You have not yet answered any of the five questions I asked. Both Chuck
Burnette and Eduardo Corte-Real have answered them: if the answer to the
first question is that designers do not need these skills, there is no need
to answer the remainder.
While I tend to agree with Chuck and Eduardo, I'm of the view that a few
practicing designers may need these skills - very few, very few indeed, but
a few. Some percentage of researchers in different design fields may also
need mastery of fluent, expressive mathematics beyond the level of research
statistics that most should have, but these are also few in proportion to
the entire field of design research.
You are arguing for something more. You have stated that all designers will
benefit from high-level fluency (Love 2014) in mathematical language,
defined as a capacity for "mastering abstraction and meta-abstraction along
with predicting dynamic behaviors in multi-dimensional spaces, going beyond
linear four-dimensional understanding of the world, understanding and using
limits and disjoints, moving between discrete and continuous, combinatorics
and design theory (different from what is known as design theory in the
design industry), understanding the calculus of change and feedback, and
moving between set and metrological mapping of concepts."

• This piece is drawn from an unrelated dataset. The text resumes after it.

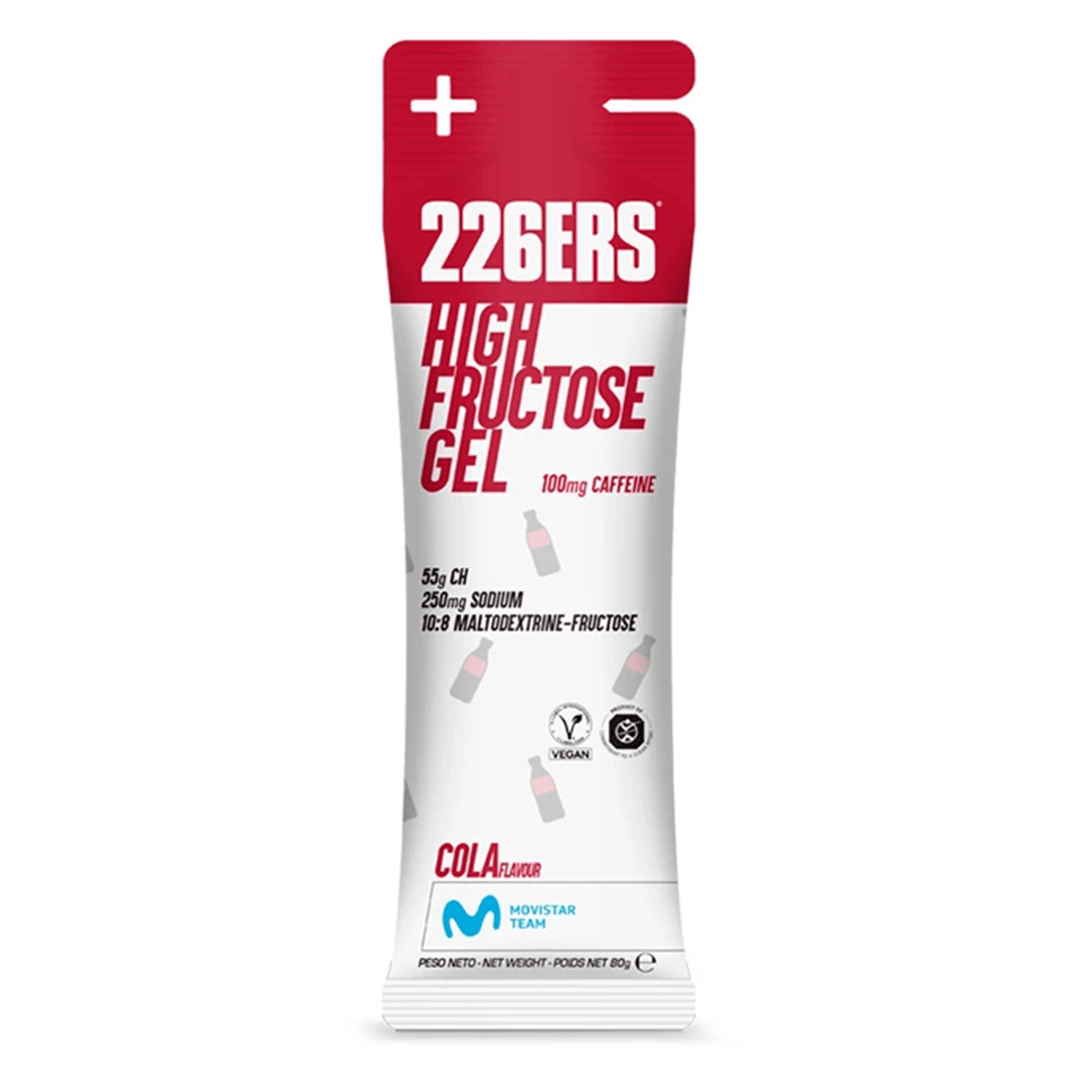 226ers Gels Single Serve / Cola (Caffeine) High Fructose Gel XMiles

Thus I ask you five questions:
(1) Are these skills important for ALL designers? If so, why? If not, why?
(2) If these skills are not important for all designers, for which designers
are these skills important? Why?
(3) Let us assume that this level of mathematical skill is important for
some group of designers, no matter how small. How are we to locate
appropriate cohorts of students who have the background required for mastery
in BOTH design and mathematics? Does anyone have an estimate of the size of
these cohorts on a worldwide basis?
(4) Let us assume that there is at least a cohort large enough for one such
class of designers. Let us assume that one university is willing to make the
required investment in developing such a program. What kinds of curriculum
do we require if we are to educate such students at university? How many
years will this take? What degrees will they earn?

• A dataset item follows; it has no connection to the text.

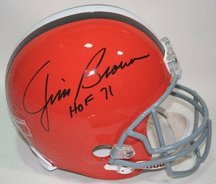 Jim Brown Autographed Cleveland Browns Riddell Full Size Replica Helmet with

(5) Conversely, let us assume the possibility that cohorts are too small to
make attracting students possible. Or let us assume the possibility that
such a program would be too expensive, even for an elite university. Is it
possible that we might meet the need for mathematically fluent designers by
simply allowing the right people to find there way into both fields?
Yours,
Ken
Ken Friedman, PhD, DSc (hc), FDRS | University Distinguished Professor |
Swinburne University of Technology | Melbourne, Australia | University email
[log in to unmask]<mailto:[log in to unmask]> | Private email
[log in to unmask]<mailto:[log in to unmask]> | Mobile +61 404 830
462 | Academia Page http://swinburne.academia.edu/KenFriedman
Guest Professor | College of Design and Innovation | Tongji University |
Shanghai, China ||| Adjunct Professor | School of Creative Arts | James Cook
University | Townsville, Australia
--
References
Friedman, Ken. 2014a. "Re: Maths, the language for everyone, including
(fine) artists?" PhD-Design List. Monday, 28 April 2014.
Love, Terence. 2014. "Re: Maths, the language for everyone, including (fine)
artists?" PhD-Design List. Friday 25 April, 2014.
Love, T. 2010. Guidelines for Design Thinking. Love Design and Research.
URL:
http://www.love.com.au/index.php/thoughts/20-guidelines-for-design-thinking
Date accessed 2014 May 4.
Polya, G. 1973 [1957]. How to Solve It. A New Aspect of Mathematical Method.
Second edition. Princeton, New Jersey: Princeton University Press.